He felt his back curve, leaning him forward. His shoulders ached, his neck cramping painfully with each turn of the head; his body finally deciding to choose now to make a protest about his nights of little sleep.
Two fingers up to his right temple, he pressed down, tips going in a tiny circle, but the slowly growing headache refused to leave. It spread around to the front, and the cave wall blurred to a haze of pinks before clearing. Eyes dry, blinking didn't even help, Daniel wanted no more than to curl on the sandy ground and wait for the world to brighten again around him. But there was no luck this being all a dream. He could feel reality pulling down on his limbs, making even the camel haired brush in his hand heavy as a mallet.

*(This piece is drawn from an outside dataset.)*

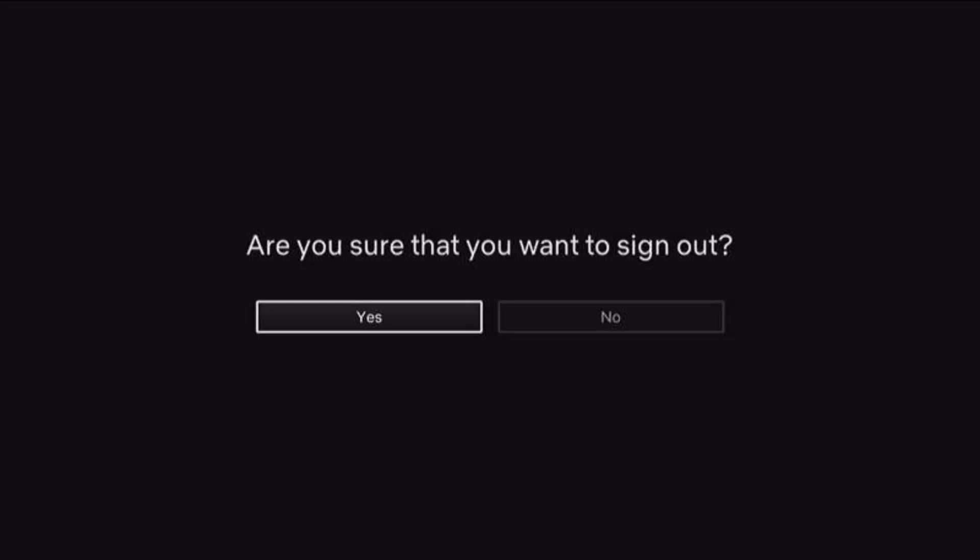Once you sign out of this account, you can go ahead and sign in with a different account through the Netflix app or channel. And that's all it takes to log into a different Netflix account on Amazon Fire Stick.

Daniel stared at the faint carvings on the cave once more, the writings he was able to salvage under layers of dust and carbon. They were similar to other caves he'd found on the bottom of this slope, only not as well preserved. Daniel normally would have been jumping at the wonderful chance, at the rare find, but all he could manage to dredge up was the thought he should try and work on this wall. He absently dabbed his brush against one slender stroke to tap the grit out, revealing pale pink colorings of a once vibrant painting of what looked like a buffalo. He couldn't uncover all of it. The parts closer to the cave entrance were worn to smooth slate. Deeper in the cavern, the paintings were barely coaxed out of time and erosion. But they were in better condition than some of the others. Listlessly, Daniel tapped the bristles on one carving, applying the chemicals with a soft cloth. A small person emerged, looking like it was running away from the buffalo, spear in hand, pointing to its pursuer behind it. Daniel flashed an image of hundreds of buffaloes, snorting, charging, steering for the hapless painted person, alone with a pathetic stroke representing its weapon.
Curling his hands into fists, he pressed them against his mouth, tried to count to ten, then twenty. He could feel himself rocking. His bones sounded like they were creaking, but it wasn't loud enough to block out the screaming in his head, the voices begging for help, the footsteps that kept coming. He felt a whimper crawling out, and he clamped his mouth shut, shoving the heels of his hands to block its escape.
Three wavering figures stood so far away, afraid of him, watching as he crumbled. Daniel wanted them to go. Not to see him like this. But he also wanted them to stay. God, he didn't know what to think any more! It was so hard to think, to remember. Everything was mixing up, phantom bruises on his body felt like they hurt, but he didn't know if they were even real. Daniel shuddered, pulling within himself and sobbed out "I'm sorry" to the three distant figures.
"For what?" Jack's voice sounded faint, far away, staying back so Daniel wouldn't attack him again, probably.
It made the tears he would normally never allow leak out of his eyes. Ashamed, he huddled tighter within himself, rocking, wishing they would go away. "For being such a headcase!"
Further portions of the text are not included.